Now and again, Pressure Machine harkens back to previous albums like Sam’s Town, but by and large, this album works on its own. Dynamic synthesizers and grandiose guitar solos are traded for quiet, contemplative strings sections and moving piano melodies propped up by interviews conducted in Flowers’ hometown of Nephi, UT.
These interviews featured sporadically throughout the album offer a unique way of framing the conversation around the American Mountain West. A conversation which by and large, is driven by unglamorous tales of drug abuse and the religious/social pressure to conform. When looking at the entire album, over half of the album features these interviews as a way of moving the album’s plot along. For some, this may seem like a rather clunky attempt at cramming as much information as possible into an hour-long album.
On the other hand, however, one could argue that this perceived clunkiness is by design. As someone who lived approximately 6hrs from Nephi, in the American Mountain West of Wyoming, this rugged/unrefined approach is reminiscent of the area. It isn’t this glamourous all-put-together area, things don’t fit, and things don’t make sense, and so, the fact that this album is “rough around the edges” merely adds to the artwork and shows the versatility and mastery Flowers has over his storytelling.
If Pressure Machine were to have the same refined approach as Hot Fuss or even Battle Born, it wouldn’t have worked.
From start to finish, Pressure Machine is a masterful work of art depicting the duality of living in a small town. A listeners’ first glimpse into this duality is on “Quiet Town,” where we get a look into what the train means to the town of Nephi.

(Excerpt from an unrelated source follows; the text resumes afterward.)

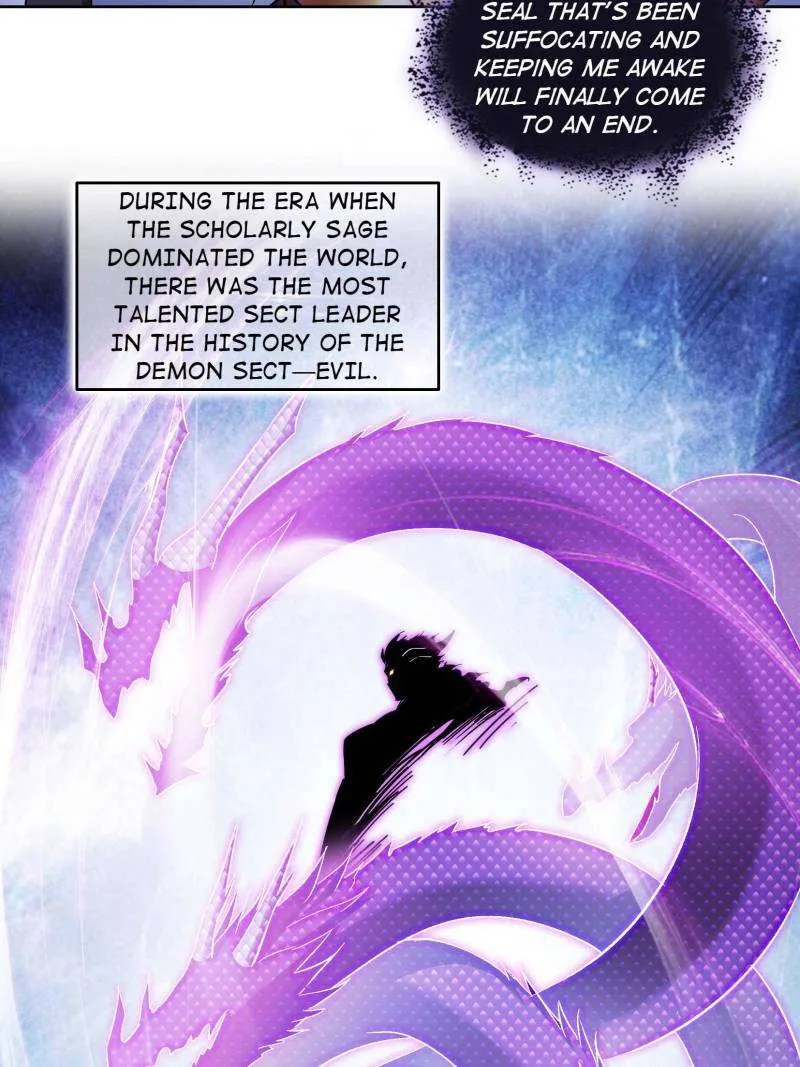 Read Cultivation Chat Group Manga Online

“Oh yeah, oh no, the train, the train. Every two or three years, the train kills somebody. Every two or three years, yeah. Everybody knows about the train, ok? You hear it constantly.”
Following the interview, the rest of the song recounts the virtues of these hardworking people and how the town struggles to deal with the opioid crisis and with a slate of teenage deaths. This duality is further established in “In the Car Outside,” where we get a glimpse into the social lives of those in Nephi and how by and large, they’re willing to help one another. Granted, although this track has a heartwarming feel to it, insidious darkness lurks at the periphery with references to “the train” seeping in.

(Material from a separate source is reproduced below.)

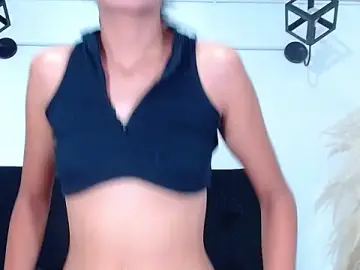 Stripchat Free Porn Cam of srta_luciana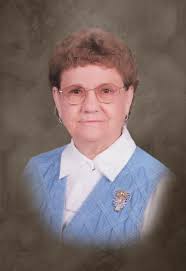 Lucille Mildred Kirchoff Obituary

“I told her if she ever needed a helping hand / I would lend, swear to god / It’s like the part of me that’s screaming not to jump gets lost / In the sound of the train, it’s a lot.”
And at the end of the album on “The Getting By,” we see Flowers writing an honest love letter to life in Nephi. But much like “Quiet Town” and “In the Car Outside,” this track closes with the sound of a locomotive train approaching. In conclusion, The Killers’ Pressure Machine is this bleak, nihilistic look into the death of the American Mountain West. And although Flowers does have moments of hope, the album seems to depict the death of innocence for many who grew up in towns like Nephi.